Brokaw Gives Free Advice to Obama on How He Can 'Share' the Peace Prize

October 15th, 2009 3:43 PM

Concerned about how President Obama's "critics will dog him all the way to Oslo," former NBC "Nightly News" anchor Tom Brokaw took to the op-ed page of the October 15 Washington Post to offer his recipe for "lift[ing] this discussion out of the partisan soup that is now the main course on our national agenda, whatever the issue."

Chef Brokaw then served up what is a proverbial bipartisan casserole comprised of some apolitical figures as well as a smattering of Democratic and Republican statesmen from the past quarter century:

The president should invite a high-profile and wide-ranging delegation of interests to accompany him. Secretary of State Hillary Rodham Clinton and the chairman of the Joint Chiefs of Staff, Adm. Michael Mullen, representing diplomacy and arms in pursuit of peace. Greg Mortenson, the author of "Three Cups of Tea," who has spent years working for education and literacy (especially for girls) in mountainous parts of Pakistan and Afghanistan. Field representatives from organizations such as Refugees International, the International Rescue Committee (where I am a volunteer overseer), CARE, Save the Children and other groups doing the hard work of caring for the victims of war. Bill and Melinda Gates should be in his delegation, as well as Republican Sam Brownback, the senator from Kansas, who's been a tireless advocate of greater U.S. involvement to stop the genocide in Sudan.

Obama might think of inviting former president George H.W. Bush and praising the work done during the Reagan-Bush years in managing the collapse of the Soviet Union and, for example, the reunification of Germany in such an impressive fashion.
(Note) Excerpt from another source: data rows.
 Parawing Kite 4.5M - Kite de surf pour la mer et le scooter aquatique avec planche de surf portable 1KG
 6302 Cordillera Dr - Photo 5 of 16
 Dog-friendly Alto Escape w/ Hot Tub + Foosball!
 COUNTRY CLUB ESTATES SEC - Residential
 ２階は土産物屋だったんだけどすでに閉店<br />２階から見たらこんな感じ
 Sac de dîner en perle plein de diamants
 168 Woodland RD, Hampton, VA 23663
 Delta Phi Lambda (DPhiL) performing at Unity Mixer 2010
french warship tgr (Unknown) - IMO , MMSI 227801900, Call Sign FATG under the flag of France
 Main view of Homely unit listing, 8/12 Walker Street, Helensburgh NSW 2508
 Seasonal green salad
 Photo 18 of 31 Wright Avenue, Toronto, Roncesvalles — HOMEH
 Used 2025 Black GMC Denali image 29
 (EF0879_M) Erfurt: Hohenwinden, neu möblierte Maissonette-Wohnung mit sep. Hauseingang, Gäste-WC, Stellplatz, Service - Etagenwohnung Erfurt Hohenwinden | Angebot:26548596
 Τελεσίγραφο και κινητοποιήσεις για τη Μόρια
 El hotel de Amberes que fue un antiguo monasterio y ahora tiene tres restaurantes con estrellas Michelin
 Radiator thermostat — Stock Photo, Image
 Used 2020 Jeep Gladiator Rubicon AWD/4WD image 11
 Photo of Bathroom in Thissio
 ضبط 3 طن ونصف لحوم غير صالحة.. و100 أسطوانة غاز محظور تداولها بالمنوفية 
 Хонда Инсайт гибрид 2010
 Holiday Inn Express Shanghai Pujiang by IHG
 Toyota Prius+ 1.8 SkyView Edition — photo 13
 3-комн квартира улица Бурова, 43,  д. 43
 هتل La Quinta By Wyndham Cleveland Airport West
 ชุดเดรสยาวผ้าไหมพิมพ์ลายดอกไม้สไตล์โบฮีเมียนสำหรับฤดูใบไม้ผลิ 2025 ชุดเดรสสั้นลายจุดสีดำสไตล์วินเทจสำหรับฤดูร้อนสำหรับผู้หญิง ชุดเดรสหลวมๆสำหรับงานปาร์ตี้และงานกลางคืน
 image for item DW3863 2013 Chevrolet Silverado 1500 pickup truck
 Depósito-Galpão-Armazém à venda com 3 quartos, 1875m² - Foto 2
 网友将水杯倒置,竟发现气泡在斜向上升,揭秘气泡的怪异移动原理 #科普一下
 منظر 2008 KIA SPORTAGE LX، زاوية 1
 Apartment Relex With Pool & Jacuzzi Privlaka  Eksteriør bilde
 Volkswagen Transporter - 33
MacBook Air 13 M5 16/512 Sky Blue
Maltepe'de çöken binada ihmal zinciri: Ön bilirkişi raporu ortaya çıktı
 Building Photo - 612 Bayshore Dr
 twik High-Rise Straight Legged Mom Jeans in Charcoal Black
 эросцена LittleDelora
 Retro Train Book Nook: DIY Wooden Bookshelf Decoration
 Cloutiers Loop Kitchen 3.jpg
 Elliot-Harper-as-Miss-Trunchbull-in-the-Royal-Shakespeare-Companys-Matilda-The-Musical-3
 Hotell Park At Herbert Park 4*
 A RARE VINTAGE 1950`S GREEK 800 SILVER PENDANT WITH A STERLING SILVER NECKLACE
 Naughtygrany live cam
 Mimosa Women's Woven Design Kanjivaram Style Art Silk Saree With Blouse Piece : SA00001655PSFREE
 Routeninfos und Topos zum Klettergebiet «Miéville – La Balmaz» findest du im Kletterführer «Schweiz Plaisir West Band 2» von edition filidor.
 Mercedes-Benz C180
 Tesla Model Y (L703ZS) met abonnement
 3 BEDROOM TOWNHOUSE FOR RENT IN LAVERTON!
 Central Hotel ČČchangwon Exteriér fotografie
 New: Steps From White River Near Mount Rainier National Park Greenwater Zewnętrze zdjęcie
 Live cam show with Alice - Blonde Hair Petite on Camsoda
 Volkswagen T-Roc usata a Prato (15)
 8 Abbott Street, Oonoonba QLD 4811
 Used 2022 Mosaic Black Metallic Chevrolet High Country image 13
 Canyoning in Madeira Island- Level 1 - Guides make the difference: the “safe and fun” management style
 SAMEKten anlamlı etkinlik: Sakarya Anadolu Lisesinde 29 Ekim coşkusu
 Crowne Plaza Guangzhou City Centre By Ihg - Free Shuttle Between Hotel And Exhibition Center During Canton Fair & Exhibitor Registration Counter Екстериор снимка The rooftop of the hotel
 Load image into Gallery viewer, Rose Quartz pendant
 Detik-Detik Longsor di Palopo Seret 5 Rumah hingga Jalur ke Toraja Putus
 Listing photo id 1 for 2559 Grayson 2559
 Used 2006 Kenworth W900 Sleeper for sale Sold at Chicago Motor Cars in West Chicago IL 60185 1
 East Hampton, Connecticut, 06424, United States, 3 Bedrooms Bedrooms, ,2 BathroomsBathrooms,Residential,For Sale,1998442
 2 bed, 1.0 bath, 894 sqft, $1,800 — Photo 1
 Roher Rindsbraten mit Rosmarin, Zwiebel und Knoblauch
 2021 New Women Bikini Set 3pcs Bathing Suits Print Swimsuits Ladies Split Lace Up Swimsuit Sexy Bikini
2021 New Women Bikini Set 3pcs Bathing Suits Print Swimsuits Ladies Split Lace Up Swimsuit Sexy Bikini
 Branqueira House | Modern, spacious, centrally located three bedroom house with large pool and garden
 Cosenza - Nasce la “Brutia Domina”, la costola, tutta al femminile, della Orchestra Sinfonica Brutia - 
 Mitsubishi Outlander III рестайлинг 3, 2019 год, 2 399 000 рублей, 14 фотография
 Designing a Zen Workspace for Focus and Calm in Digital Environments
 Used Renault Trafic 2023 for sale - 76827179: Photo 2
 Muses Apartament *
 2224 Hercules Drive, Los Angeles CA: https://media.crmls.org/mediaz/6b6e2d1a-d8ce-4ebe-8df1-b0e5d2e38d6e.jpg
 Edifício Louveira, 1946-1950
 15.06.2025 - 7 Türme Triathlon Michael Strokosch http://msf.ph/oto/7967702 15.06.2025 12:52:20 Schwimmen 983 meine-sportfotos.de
Former president Bill Clinton and Ambassador Richard Holbrooke deserve mention for the Dayton Peace Accords, which stopped the slaughter in Bosnia.

So Brokaw brought himself to admit that Presidents Reagan and Bush played a major role in ending the Cold War, but alas, that's the price of dreaming up a scenario that would result, in Brokaw's mind, in greater glory being given to Obama (emphasis mine):

If, as we're led to believe, the Norwegian Nobel Committee wanted to honor President Obama's determination to put a new face on America's efforts to shape a more peaceful world, what better way for him to respond than to share this distinguished prize with those who have been doing just that without sufficient recognition? Barack Obama's name will be the one on the peace prize, but his speech and his manner could become a gift for generations to come.